## Exercise goal
Pull each line holding "leaf" out of the entries below.
##### Records provided #####
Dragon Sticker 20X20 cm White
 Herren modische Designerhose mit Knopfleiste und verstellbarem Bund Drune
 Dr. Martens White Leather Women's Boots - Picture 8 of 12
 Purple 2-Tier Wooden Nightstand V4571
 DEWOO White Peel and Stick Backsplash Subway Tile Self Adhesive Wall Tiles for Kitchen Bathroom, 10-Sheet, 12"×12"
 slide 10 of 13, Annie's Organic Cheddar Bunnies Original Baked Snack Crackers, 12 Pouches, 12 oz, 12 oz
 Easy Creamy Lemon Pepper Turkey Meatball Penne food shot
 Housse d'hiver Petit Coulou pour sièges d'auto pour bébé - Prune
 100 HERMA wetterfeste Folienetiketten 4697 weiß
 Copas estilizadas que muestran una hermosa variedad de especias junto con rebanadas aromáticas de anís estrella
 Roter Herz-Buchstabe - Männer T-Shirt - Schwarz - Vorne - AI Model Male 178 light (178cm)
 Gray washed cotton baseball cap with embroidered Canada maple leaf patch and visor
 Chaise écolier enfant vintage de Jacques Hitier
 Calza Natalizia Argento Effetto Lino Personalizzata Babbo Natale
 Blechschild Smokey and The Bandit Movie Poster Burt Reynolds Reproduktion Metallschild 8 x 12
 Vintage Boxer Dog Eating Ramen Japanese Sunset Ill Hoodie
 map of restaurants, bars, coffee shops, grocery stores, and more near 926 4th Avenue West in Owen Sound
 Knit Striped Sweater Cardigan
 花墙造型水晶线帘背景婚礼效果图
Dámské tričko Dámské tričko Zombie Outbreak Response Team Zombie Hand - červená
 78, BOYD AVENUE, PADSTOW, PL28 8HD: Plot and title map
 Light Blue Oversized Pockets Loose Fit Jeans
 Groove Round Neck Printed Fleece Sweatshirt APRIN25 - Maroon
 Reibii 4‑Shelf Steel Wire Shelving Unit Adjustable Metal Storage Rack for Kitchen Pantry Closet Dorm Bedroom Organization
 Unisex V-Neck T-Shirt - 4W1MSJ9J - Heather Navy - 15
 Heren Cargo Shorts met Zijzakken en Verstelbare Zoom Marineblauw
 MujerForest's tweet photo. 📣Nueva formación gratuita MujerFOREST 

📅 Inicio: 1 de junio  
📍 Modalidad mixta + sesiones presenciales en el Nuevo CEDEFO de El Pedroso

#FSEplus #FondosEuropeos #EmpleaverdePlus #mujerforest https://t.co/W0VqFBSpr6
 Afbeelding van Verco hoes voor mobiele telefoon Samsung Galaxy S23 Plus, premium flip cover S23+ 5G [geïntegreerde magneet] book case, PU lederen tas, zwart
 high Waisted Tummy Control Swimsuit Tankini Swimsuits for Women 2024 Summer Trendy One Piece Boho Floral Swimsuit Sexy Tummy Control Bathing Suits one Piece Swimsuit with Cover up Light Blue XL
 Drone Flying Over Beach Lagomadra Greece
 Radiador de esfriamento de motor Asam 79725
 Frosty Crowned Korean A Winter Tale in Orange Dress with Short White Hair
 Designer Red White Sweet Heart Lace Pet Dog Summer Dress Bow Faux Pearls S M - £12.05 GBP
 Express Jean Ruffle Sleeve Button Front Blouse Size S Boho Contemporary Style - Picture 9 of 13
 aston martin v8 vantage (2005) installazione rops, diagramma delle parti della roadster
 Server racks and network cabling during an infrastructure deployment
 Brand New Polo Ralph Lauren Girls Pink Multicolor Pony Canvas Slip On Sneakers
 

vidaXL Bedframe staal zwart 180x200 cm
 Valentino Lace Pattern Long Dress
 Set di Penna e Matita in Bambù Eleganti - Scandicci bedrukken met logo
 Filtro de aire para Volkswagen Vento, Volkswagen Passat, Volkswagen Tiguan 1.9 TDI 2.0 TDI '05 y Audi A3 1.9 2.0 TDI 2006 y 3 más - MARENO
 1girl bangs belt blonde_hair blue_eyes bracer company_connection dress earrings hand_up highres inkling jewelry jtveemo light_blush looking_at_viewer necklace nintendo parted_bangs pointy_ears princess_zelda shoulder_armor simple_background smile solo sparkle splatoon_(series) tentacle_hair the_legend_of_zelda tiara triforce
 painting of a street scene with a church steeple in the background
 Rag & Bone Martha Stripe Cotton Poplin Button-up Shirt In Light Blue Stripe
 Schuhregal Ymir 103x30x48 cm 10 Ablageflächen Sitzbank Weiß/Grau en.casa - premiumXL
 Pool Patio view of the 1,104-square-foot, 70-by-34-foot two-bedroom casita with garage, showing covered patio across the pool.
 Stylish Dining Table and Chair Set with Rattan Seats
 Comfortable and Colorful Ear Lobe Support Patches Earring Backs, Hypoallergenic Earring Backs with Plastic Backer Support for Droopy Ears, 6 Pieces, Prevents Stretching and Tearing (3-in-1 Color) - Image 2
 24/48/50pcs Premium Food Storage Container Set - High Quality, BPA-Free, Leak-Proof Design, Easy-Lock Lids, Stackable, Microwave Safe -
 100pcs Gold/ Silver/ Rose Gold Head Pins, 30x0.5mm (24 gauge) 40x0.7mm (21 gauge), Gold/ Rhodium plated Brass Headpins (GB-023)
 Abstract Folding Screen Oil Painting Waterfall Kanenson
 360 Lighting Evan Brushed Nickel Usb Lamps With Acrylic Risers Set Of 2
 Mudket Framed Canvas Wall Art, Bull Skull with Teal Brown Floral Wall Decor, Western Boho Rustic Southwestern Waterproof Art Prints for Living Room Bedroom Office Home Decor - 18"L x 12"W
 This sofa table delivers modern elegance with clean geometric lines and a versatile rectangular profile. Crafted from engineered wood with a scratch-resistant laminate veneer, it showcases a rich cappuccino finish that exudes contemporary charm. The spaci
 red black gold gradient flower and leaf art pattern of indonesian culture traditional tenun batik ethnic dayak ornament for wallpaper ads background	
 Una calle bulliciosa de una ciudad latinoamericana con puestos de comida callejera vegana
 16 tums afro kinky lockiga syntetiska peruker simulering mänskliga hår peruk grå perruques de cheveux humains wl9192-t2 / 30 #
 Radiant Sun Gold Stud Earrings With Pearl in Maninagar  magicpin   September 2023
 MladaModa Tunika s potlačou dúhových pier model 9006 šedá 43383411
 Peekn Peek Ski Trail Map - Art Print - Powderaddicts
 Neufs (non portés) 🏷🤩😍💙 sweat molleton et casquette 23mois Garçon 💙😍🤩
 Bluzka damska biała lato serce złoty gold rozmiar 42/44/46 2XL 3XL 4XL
#####
## Answer section
 Gray washed cotton baseball cap with embroidered Canada maple leaf patch and visor
 red black gold gradient flower and leaf art pattern of indonesian culture traditional tenun batik ethnic dayak ornament for wallpaper ads background	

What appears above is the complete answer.